Dramma musicale in 10 scene
per 3 solisti, attore, complesso vocale, quartetto d'archi e ensemble strumentale
musica di Mauro Montalbetti
libretto di Alessandro Leogrande
Personaggi e interpreti
Yasmina, Cristina Zavalloni
Luam, Elizangela Torricelli
Karim, Gabriele Mari
Politico, Alessandro Albertin
Ensemble strumentale della Fondazione I Teatri di Reggio Emilia
Quartetto Mirus
Zero Vocal Ensemble
direttore Francesco Bossaglia
regìa e video Alina Marazzi
scene, costumi e luci Angelo Linzalata
Reggio Emilia, Teatro Ariosto 29 settembre, 1 ottobre 2017
Haye: Le parole, la notte, produzione della Fondazione I Teatri di Reggio Emilia/Festival Aperto in collaborazione produttiva con la Scuola di Arti Visive di IED Milano e Istituto Luce Cinecittà, rappresentato in prima assoluta per Aperto Festival, è un'opera in musica di Mauro Montalbetti complessa ma immediata, su libretto di Alessandro Leogrande. Con quest'opera la regista Alina Marazzi ha portato sulle scene un tema contemporaneo, sì, ma prima di tutto antico quanto l'uomo: la migrazione con tutte le sue ombre.
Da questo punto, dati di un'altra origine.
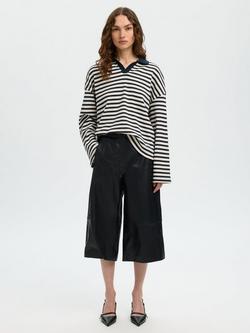 Selected Gigi Leather Culottes, Black, Black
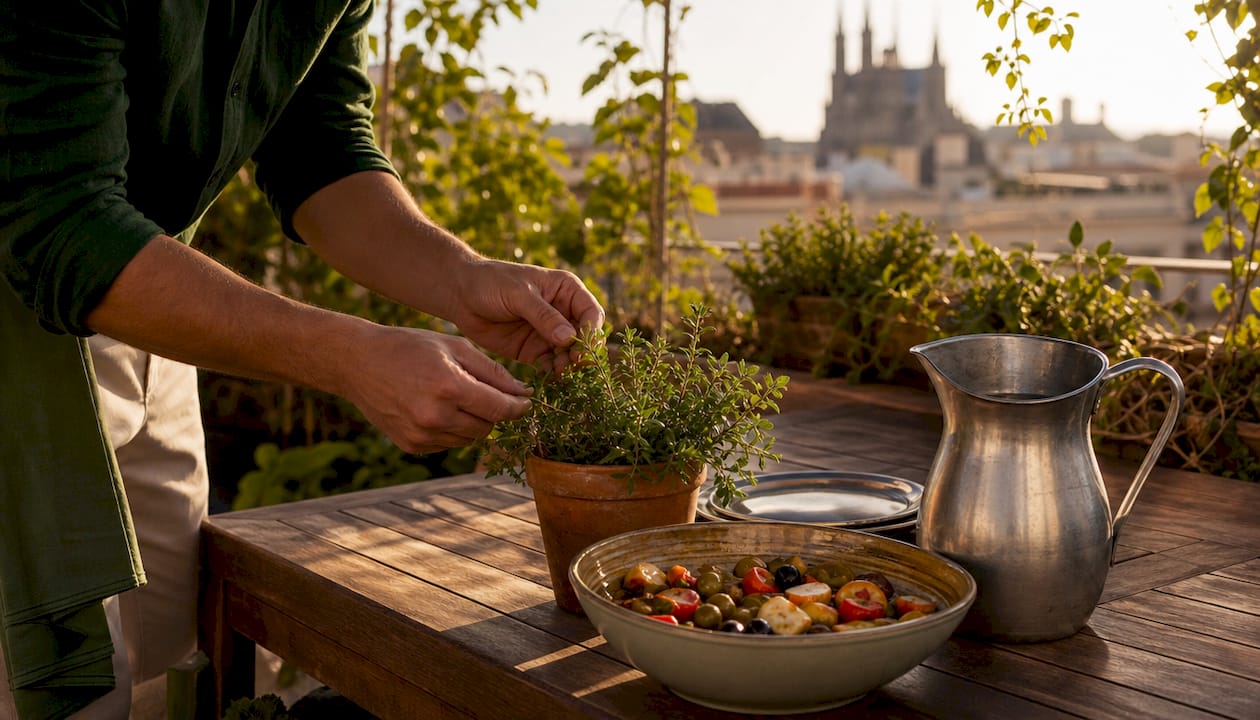 Close-up of greenery and herbs on terrace table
Questo viaggio musicale nelle migrazioni contemporanee racconta due storie intrecciate e una come sfondo: la storia di una migrante eritrea, scampata al naufragio di un barcone, intrecciata con il rapporto di uno scafista e sua madre. Sullo sfondo, il naufragio del piroscafo Principessa Mafalda davanti alle coste del Brasile, che coinvolse diversi migranti italiani nel 1927.
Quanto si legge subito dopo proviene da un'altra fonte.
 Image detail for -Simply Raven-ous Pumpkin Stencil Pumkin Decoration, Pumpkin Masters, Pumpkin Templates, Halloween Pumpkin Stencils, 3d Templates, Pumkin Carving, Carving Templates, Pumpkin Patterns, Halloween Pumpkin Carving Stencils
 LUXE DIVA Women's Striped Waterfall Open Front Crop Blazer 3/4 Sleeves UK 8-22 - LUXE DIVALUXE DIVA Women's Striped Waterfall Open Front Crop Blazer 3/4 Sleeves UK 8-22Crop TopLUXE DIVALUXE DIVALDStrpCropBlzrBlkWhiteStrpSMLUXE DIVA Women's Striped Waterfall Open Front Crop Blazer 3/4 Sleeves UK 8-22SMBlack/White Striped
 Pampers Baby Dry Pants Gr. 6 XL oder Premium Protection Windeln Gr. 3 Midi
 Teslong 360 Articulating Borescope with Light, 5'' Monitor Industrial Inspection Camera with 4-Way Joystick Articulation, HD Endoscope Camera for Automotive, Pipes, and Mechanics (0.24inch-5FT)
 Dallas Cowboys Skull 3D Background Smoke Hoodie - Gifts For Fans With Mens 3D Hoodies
Dramma musicale in dieci scene per tre solisti, complesso vocale, quartetto d'archi e ensemble strumentale, questa opera è un potente affresco polifonico, alle cui voci fanno da complemento corpi che si muovono come in una lenta coreografia e parti recitate. I recitativi fanno da cesure a immagini e suoni in un continuo dialogo fra quattro voci: soprano, tenore, voce femminile e attore. La parola tigrina "haye", come racconta il compositore, riassume la filosofia di sopravvivenza del migrante: andare sempre avanti, mai tornare indietro. La musica di Montalbetti è resa in modo squisito dagli interpreti fino ad essere commovente nell'interpretazione di Cristina Zavalloni, che pare permeata dello spirito della creazione. Complessa dal punto di vista ritmico, quest'opera ha tempi in cui la musica fluisce come sospesa, senza una corrispondenza ritmica e richiede una profonda concentrazione. E' una musica scritta con rigorosa geometria, che all'ascolto sembra casuale.
La regia, con una drammaturgia non lineare e continui scatti temporali, si basa fortemente sull'interazione fra suono e video, articolando la narrazione attorno alla centralità della parola, cantata o recitata, su piani diversi, e cambiando continuamente il punto di vista sul problema. E' così che i lati più umani e poetici vengono indagati, ora dai video, ora dai protagonisti in scena. Si crea allora un tunnel articolato che ridà voce agli uomini e alle donne che scappano da guerre, dittature, carestie, e che in genere vengono sentiti come mute entità, prive di parola. I contributi video in scena diventano quindi personaggio che dialoga con i corpi e le voci dei cantanti e dell'attore.
Nel libretto Alessandro Leogrande racconta un viaggio di migranti come tanti con tragico epilogo. Il racconto si colloca a tratti in una dimensione onirica in cui le figure sono i fantasmi dei naufraghi che dialogano con i sopravvissuti, e a tratti invece prende la forma concreta della testimonianza.